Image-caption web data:
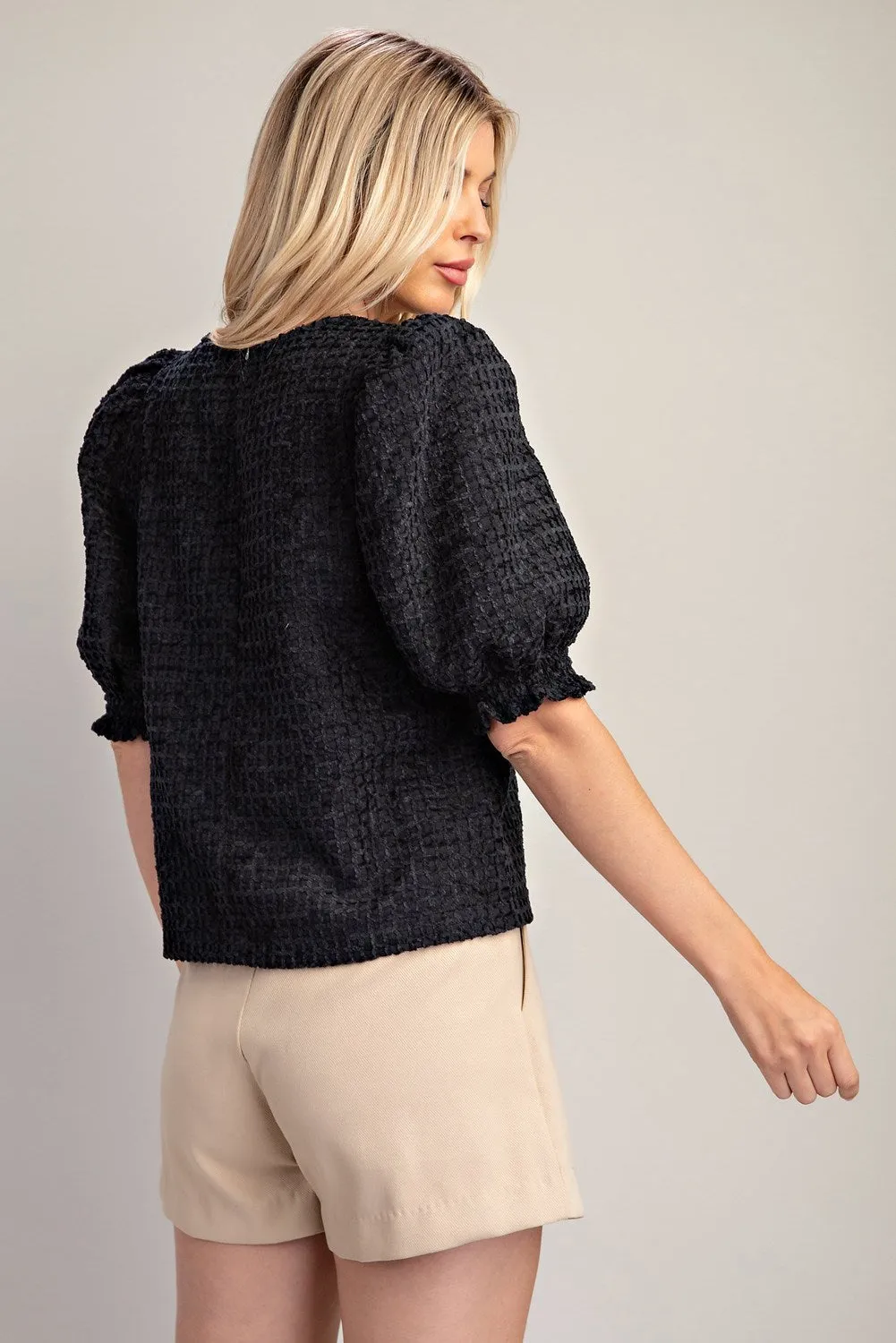Del Norte Textured Round Neck Puff Sleeve Blouse - Black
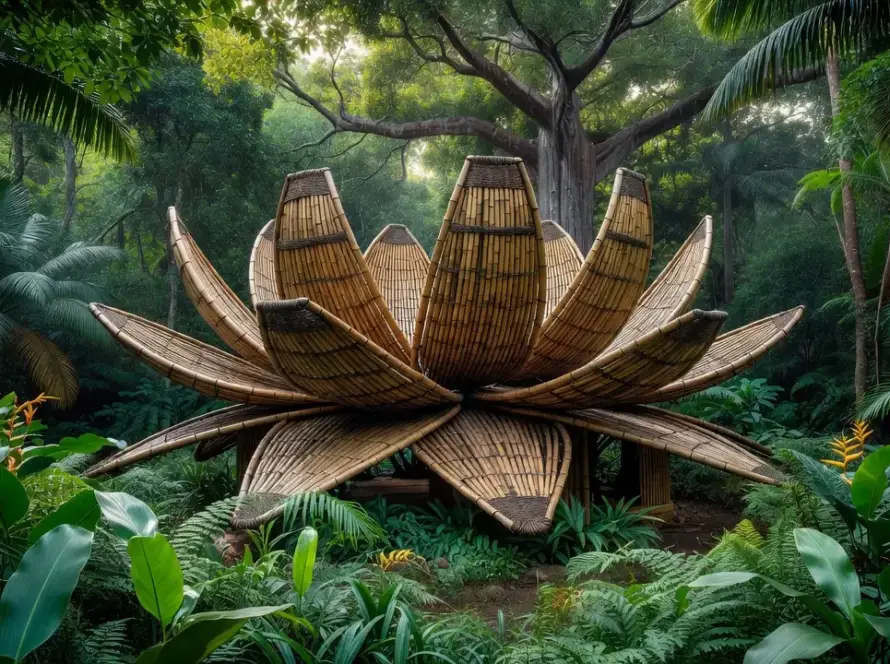 Pavilhão de bambu em forma de lótus em ambiente tropical no Brasil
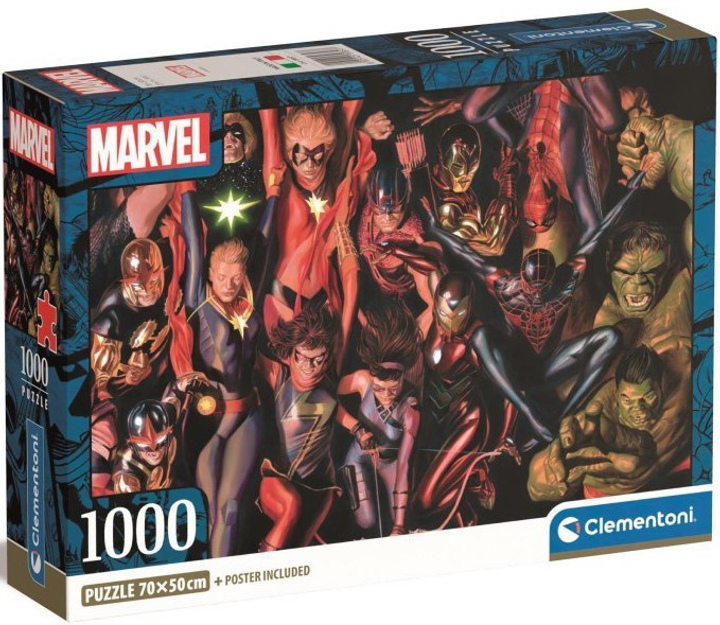 Puzzle Clementoni Compact Marvel The Avengers 1000 elementów (8005125398577) - obraz 1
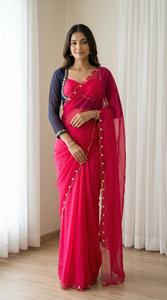 Bordure de sari moderne en faux georgette avec broderie artisanale pour fêtes, mariages, Diwali et bals de promo - Product Image 4
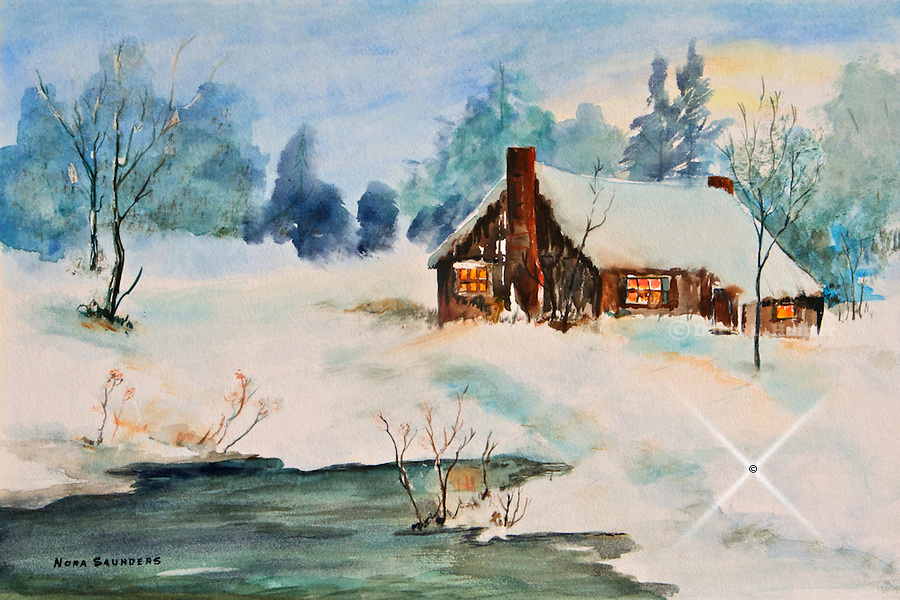 900x600 Watercolor. Cabin. Winter. Pond. Forest. Warm Glow. Peaceful Scene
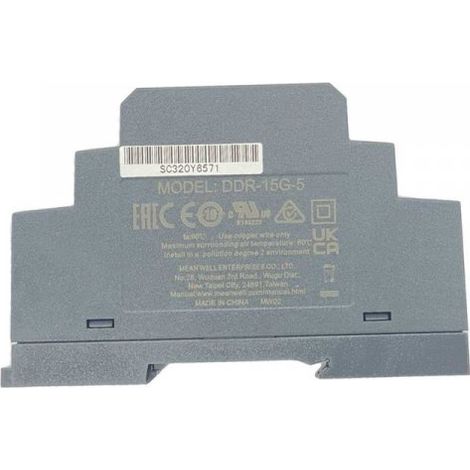MW MEAN WELL DDR-15G-5 Convertitore tipo DC-DC per Guida DIN Input 9-36V Output 5V 3A 15W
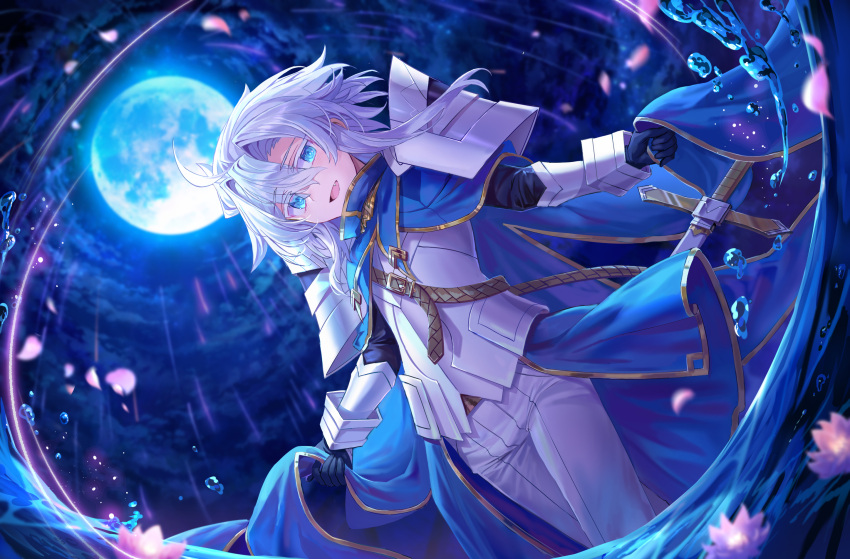 1girl :d ahoge armor black_gloves blue_cape blue_eyes blue_sky blue_theme breastplate cape fang fisheye full_moon gloves hair_between_eyes highres knight_(shichigatsu) long_hair looking_at_viewer moon night night_sky open_mouth original pants pauldrons shichigatsu shoulder_armor sky smile solo standing wading waist_cape white_hair white_pants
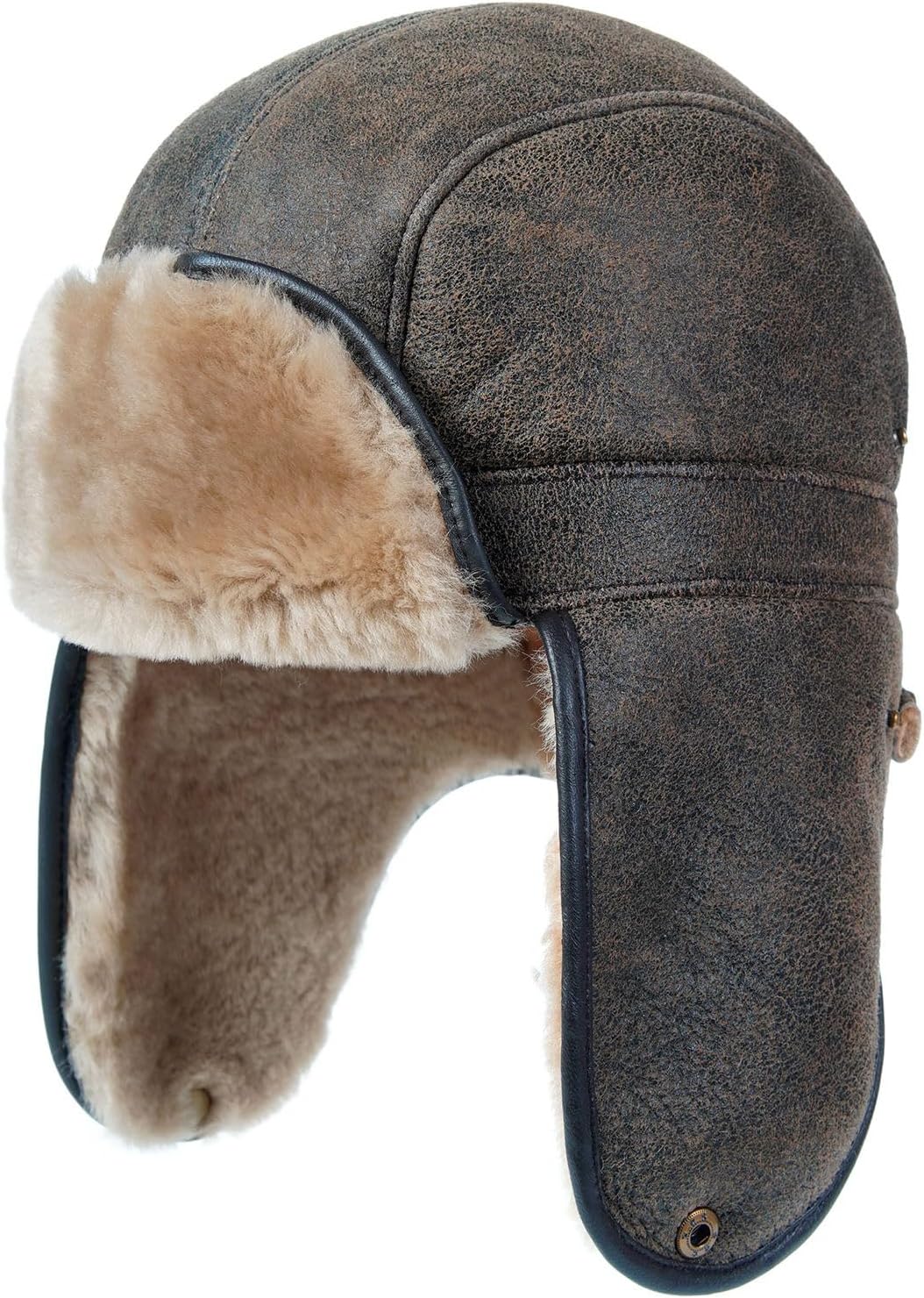 Harssidanzar Aviator Trapper Hat for Men Women Sheepskin Shearling Leather Fur Winter Warm Hat CU610US
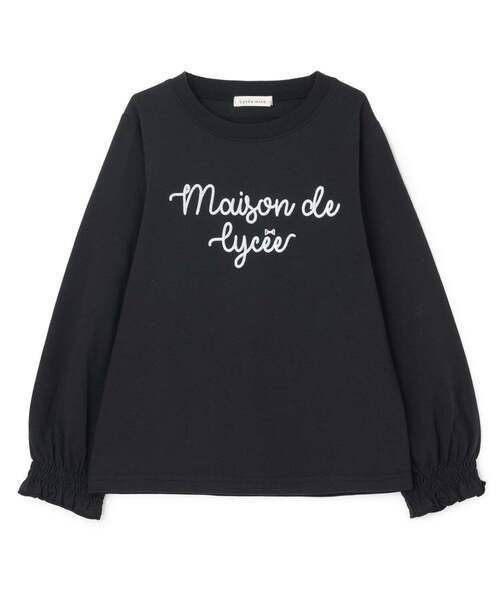 Lycee mine（リセマイン）の「【綿100％】 【速乾・UV・型崩れしない】【ムテキT】ロゴ刺しゅうシャーリングスリーブトップス（Tシャツ/カットソー・キッズ・ブルーグレー/黄緑系/クリーム/オフホワイト/ライトピンク/ブラック・110cm/150cm/130cm/100cm/120cm/140cm）」の11枚目の写真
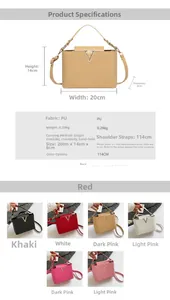 Detailweergave van de crossbodytas met afmetingen en zes kleuropties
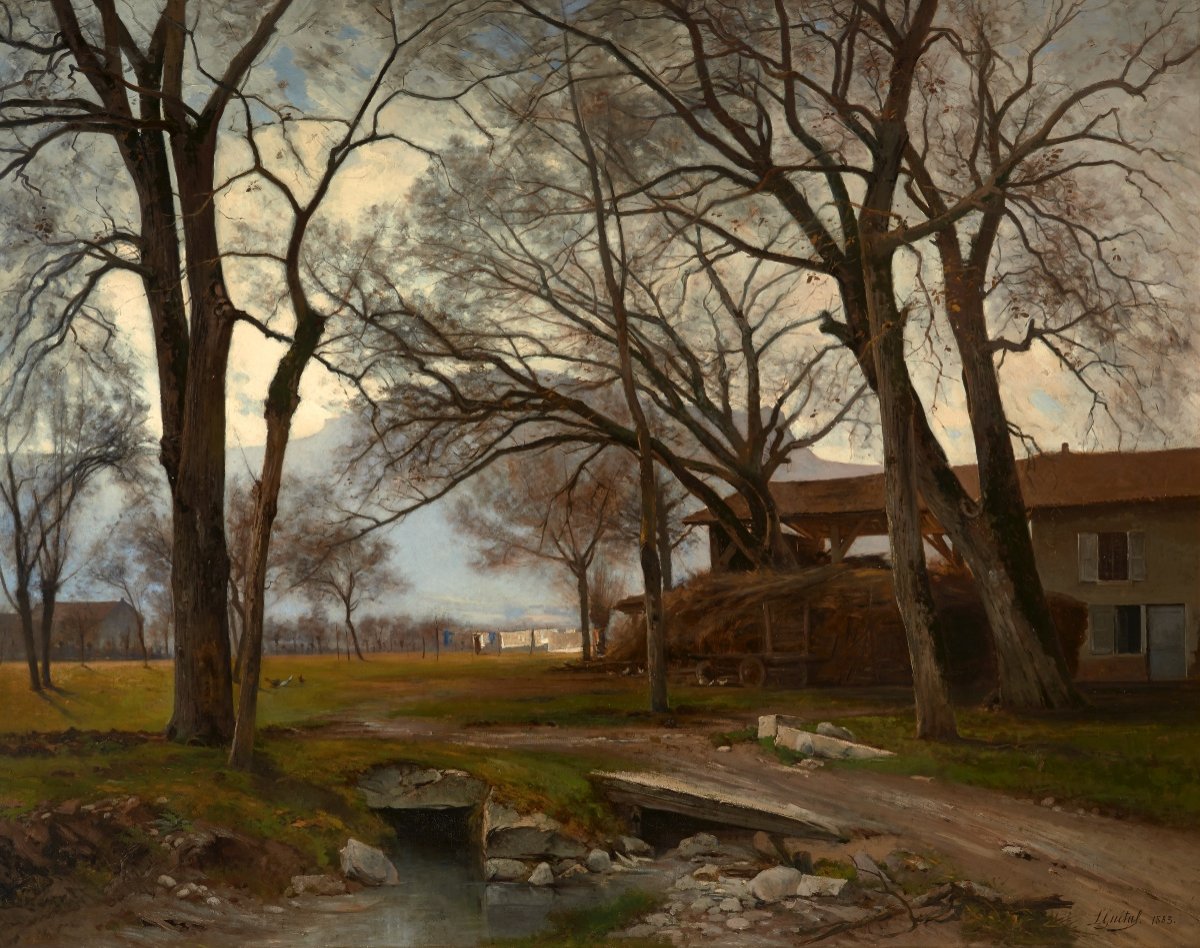 Laurent Guétal (1841-1892). The Rondeau Farm, Near Grenoble, Isère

# [Your task]
Repeat only the lines from the one holding "Harssidanzar Aviator Trapper" through the last line of the data, inclusive. Keep the pictures out.

# [Result]
 Harssidanzar Aviator Trapper Hat for Men Women Sheepskin Shearling Leather Fur Winter Warm Hat CU610US
 Lycee mine（リセマイン）の「【綿100％】 【速乾・UV・型崩れしない】【ムテキT】ロゴ刺しゅうシャーリングスリーブトップス（Tシャツ/カットソー・キッズ・ブルーグレー/黄緑系/クリーム/オフホワイト/ライトピンク/ブラック・110cm/150cm/130cm/100cm/120cm/140cm）」の11枚目の写真
 Detailweergave van de crossbodytas met afmetingen en zes kleuropties
 Laurent Guétal (1841-1892). The Rondeau Farm, Near Grenoble, Isère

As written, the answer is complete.